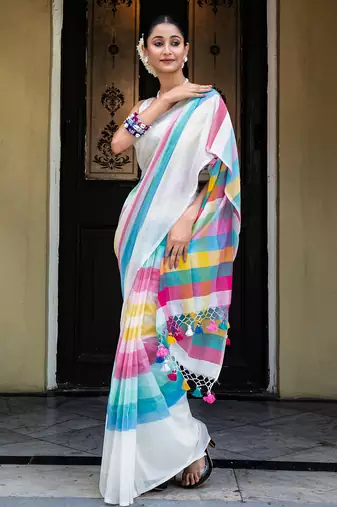 White Woven Mul Cotton Handloom Saree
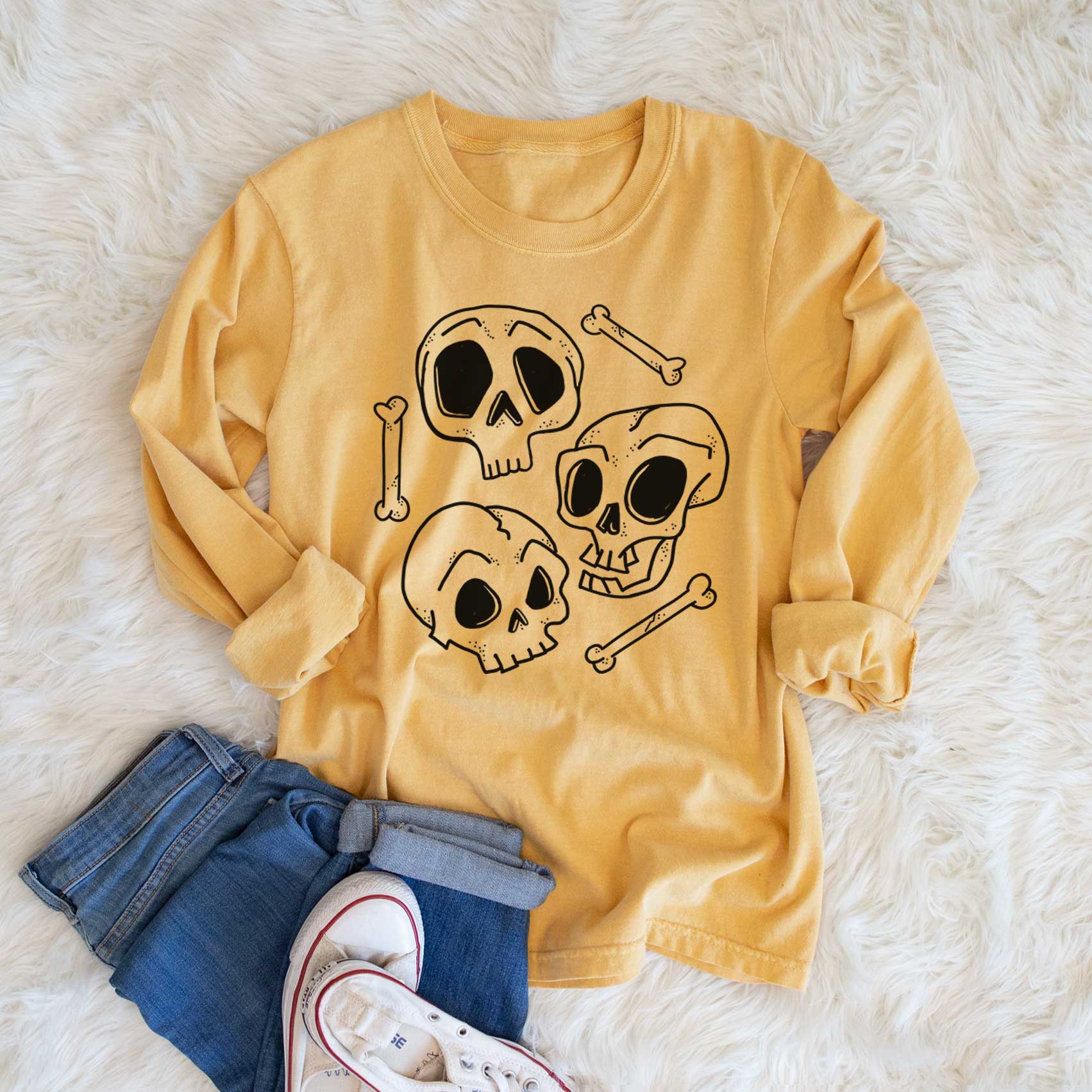 Skull Trio - Men's Heavyweight 100% Cotton Long Sleeve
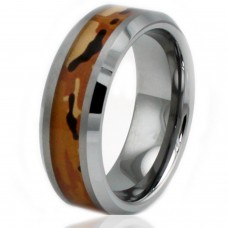 8mm Tungsten Carbide Ring w/ Brown Camo Design Inlay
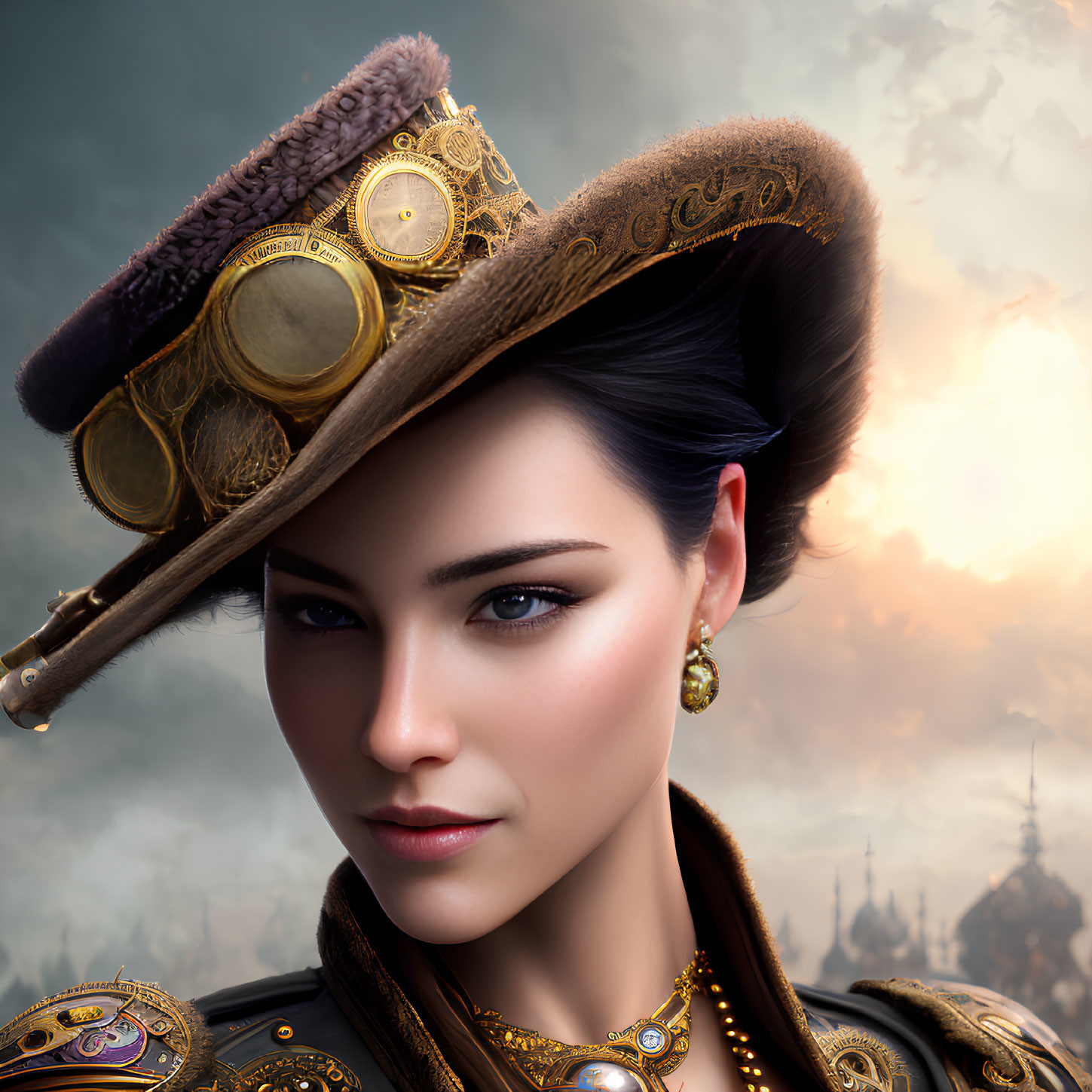 Digital portrait of a woman in steampunk-inspired attire with gears, feathered hat, and gold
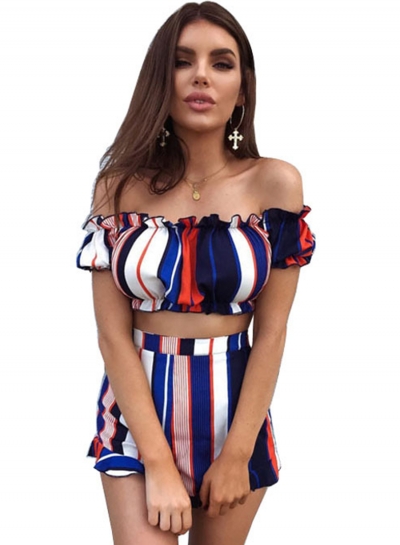 Sexy Striped Slash Neck Short Sleeve Crop Top High Waist Shorts Set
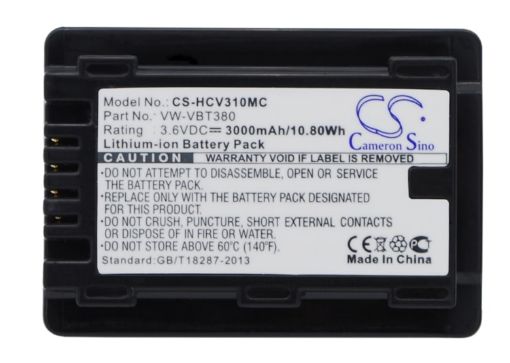 Panasonic VW-VBT190 Battery Replacement for HC-250EB HC-550EB - 1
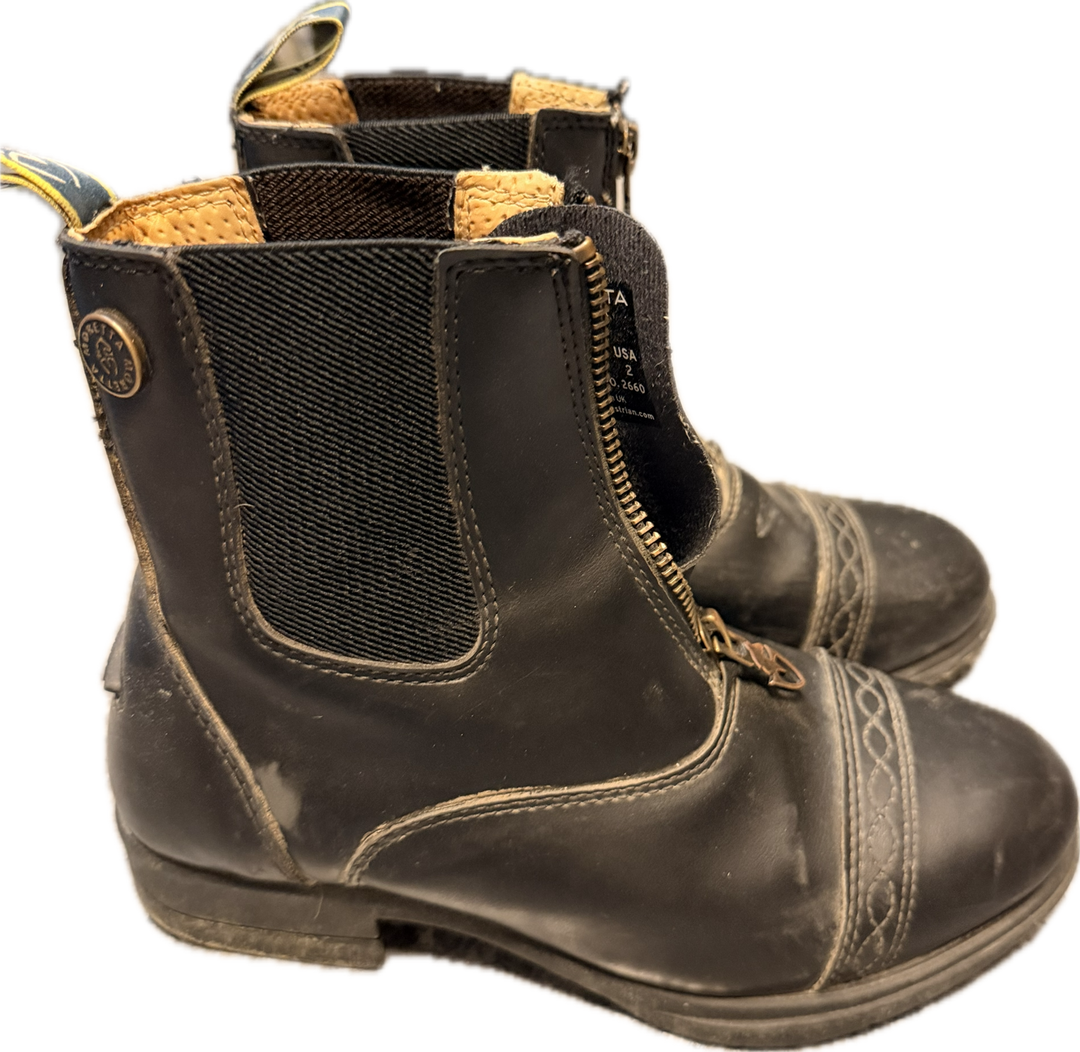 Moretta Kids Clio Zip Up Paddock Boots - Black - Size 2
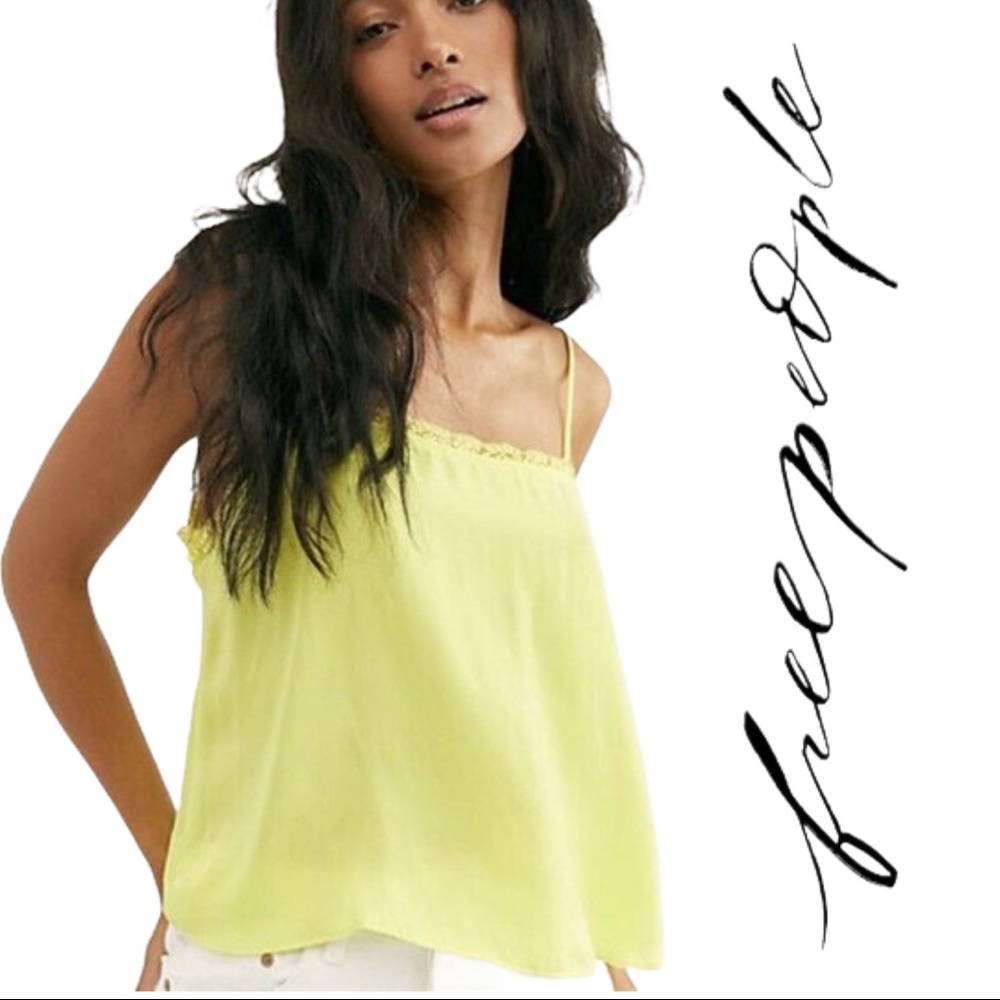 FREE PEOPLE Beyond Me Cami Lemon Yellow Medium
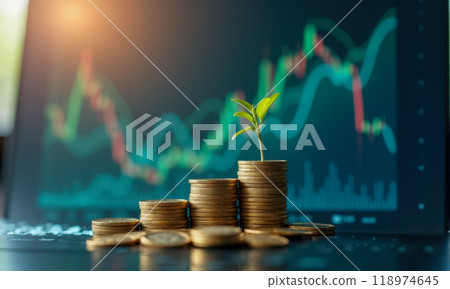 Green plant sprouting from coin stack against blurred stock market chart background symbolizing investment growth, financial success, and sustainable economy Green plant sprouting from coin stack against blurred stock market chart background symbolizing investment growth, financial success, and sustainable economy 118974645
--------------------------------------------------
Exercise prompt
Copy exactly the lines of the listing above between the one holding "Sexy Striped Slash" and the one holding "FREE PEOPLE Beyond", inclusive; omit all pictures.

Answer section
 Sexy Striped Slash Neck Short Sleeve Crop Top High Waist Shorts Set
 Panasonic VW-VBT190 Battery Replacement for HC-250EB HC-550EB - 1
 Moretta Kids Clio Zip Up Paddock Boots - Black - Size 2
 FREE PEOPLE Beyond Me Cami Lemon Yellow Medium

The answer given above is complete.